Team USA takes win at ‘Olympics of Motocross’

BUCHANAN, MICH. – The Americans broke their drought at Motocross Des Nations.

Often referred to as the “Olympics of Motocross,” the 75th running of the event was held at Redbud Track and Trails in Buchanan, Michigan, Sept. 24-25. Thirty-two countries each assembled a team of three riders to compete, but only twenty of them qualified for the final three races.

For only the fifth time ever on American soil, Team USA came to win with Eli Tomac, Justin Cooper and Chase Sexton, who brought home the Chamberlain Trophy after 11 long years.

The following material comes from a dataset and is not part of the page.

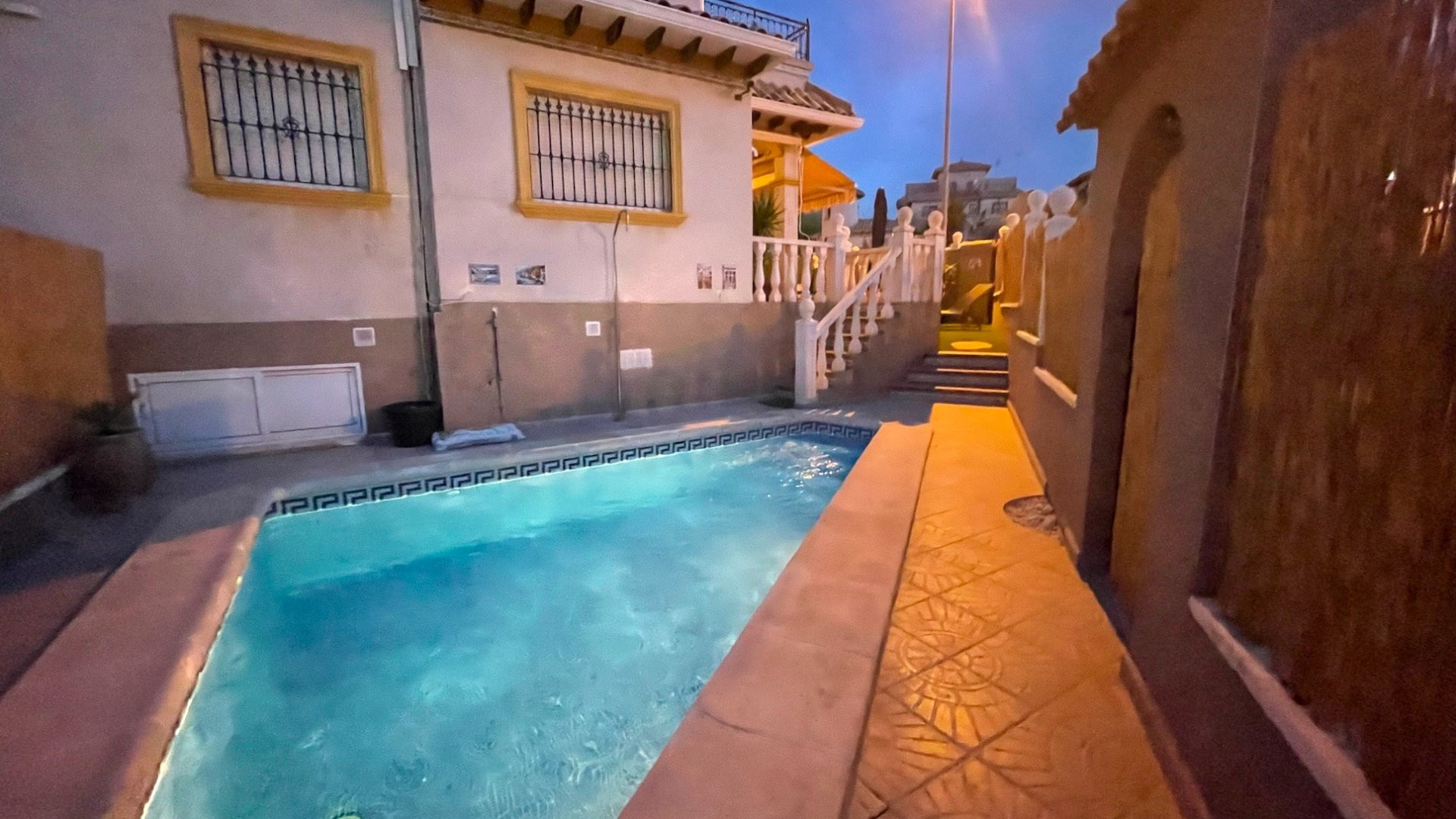 House in Urbanizacion los Balcones - view 1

A cold, consistent drizzle and sporadic showers subdued the Sunday crowd, mud was unavoidable and seating was almost non-existent outside of a muddy port-a-potty and one set of muddy bleachers, but motocross fans are a hardy bunch who braved the weather with a sea of umbrellas and ponchos.

Most vendors were cash only due to almost no one having cell service or internet, which was a major inconvenience for attendees and media. Those who brought cash could enjoy the carnival-style food along with some local food trucks. The smell of barbecue smoked ribs and funnel cake paired nicely with high octane exhaust fumes.

In the paddock, or pit area, large well-funded teams like USA, Italy, Belgium, etc., were filled with multimillion-dollar tour bus-style rigs loaded with bikes and employees while the pits of smaller teams such as Israel and Morocco resembled a group of friends hanging out.

Many international attendees seemed to have more reserved nationalistic pride on foreign turf but as expected the Americans were the loudest and drunkest, with the Aussies close behind.

The start of the first race was met with a deafening combination of 40 motorcycles and thousands of roaring fans equipped with flags, smoke bombs, cow bells, airhorns, chainsaws and any other noisemaker you could imagine.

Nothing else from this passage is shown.